A severe heatwave is gripping Europe as temperatures push towards record June highs.
Authorities have issued heat alerts across much of the region, warning of risks to health, transport networks and public services as the mercury climbs.
Europe is the world’s fastest-warming continent with temperatures rising at about twice the global average rate. Much of its infrastructure, housing and transport networks were designed for a cooler climate, making prolonged periods of extreme heat particularly disruptive.
The latest heatwave is the second major episode of extreme heat to hit Europe in just two months, raising new concerns about the impact of the climate crisis.
“People should be very concerned,” Laurie Parsons, reader in Human Geography at Royal Holloway, University of London, told Al Jazeera. “Heat stress is currently the world’s most lethal environmental hazard with almost half a million people dying each year from heat-related illnesses, according to the World Health Organization.”
What are the consequences so far? What’s driving the current heatwave? And why do scientists expect extreme weather like this more frequently in the years ahead? Here’s what you should know:
France has emerged as an epicentre, recording its hottest day on record, according to provisional figures from the weather agency Meteo-France. The nationally averaged temperature reached 29.8 degrees Celsius (85.6 degrees Fahrenheit), surpassing a record set in 2019, while one town exceeded 44C (111F).

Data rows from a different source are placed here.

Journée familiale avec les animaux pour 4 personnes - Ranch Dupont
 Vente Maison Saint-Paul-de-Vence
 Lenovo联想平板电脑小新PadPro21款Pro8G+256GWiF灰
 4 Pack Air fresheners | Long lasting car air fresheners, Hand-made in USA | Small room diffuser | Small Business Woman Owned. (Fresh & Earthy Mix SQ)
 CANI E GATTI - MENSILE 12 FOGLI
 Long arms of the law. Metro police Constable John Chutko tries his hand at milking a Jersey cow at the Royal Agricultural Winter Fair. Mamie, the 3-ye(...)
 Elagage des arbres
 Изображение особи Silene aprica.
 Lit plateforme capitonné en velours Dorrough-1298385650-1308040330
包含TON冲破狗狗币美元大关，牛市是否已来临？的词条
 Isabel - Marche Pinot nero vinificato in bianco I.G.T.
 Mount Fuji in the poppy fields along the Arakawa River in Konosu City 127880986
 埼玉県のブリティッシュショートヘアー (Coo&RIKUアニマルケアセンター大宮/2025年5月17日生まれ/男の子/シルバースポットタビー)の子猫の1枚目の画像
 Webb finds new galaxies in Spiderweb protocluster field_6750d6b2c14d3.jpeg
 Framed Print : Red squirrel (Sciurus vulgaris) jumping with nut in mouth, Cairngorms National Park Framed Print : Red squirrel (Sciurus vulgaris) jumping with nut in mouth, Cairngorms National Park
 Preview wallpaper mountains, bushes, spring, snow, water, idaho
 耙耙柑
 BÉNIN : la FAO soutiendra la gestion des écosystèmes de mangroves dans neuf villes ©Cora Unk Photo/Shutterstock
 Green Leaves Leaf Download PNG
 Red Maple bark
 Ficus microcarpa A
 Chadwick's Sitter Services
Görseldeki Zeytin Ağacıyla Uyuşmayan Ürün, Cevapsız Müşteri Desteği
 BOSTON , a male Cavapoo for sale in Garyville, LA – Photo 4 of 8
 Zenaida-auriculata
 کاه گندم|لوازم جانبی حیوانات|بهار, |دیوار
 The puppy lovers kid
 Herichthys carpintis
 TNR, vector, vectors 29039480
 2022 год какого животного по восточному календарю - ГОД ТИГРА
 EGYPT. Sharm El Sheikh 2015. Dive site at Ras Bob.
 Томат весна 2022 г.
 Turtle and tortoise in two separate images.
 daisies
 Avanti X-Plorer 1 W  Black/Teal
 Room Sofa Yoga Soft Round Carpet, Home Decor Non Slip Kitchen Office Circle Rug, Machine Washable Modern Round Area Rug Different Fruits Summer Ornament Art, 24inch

The heat has turned deadly. Forty people have drowned since Thursday, and French Prime Minister Sebastien Lecornu has linked the deaths to soaring temperatures as people seek relief from the heat.
Three elderly people have also died from heat-related causes near Bordeaux while two children, aged two and four, were found dead in a hot car in southern France.
In Spain, a 90-year-old woman reportedly died near Bilbao after suffering a heatstroke in her nursing home, and a 68-year-old man in Almeria is also said to have died from heatstroke.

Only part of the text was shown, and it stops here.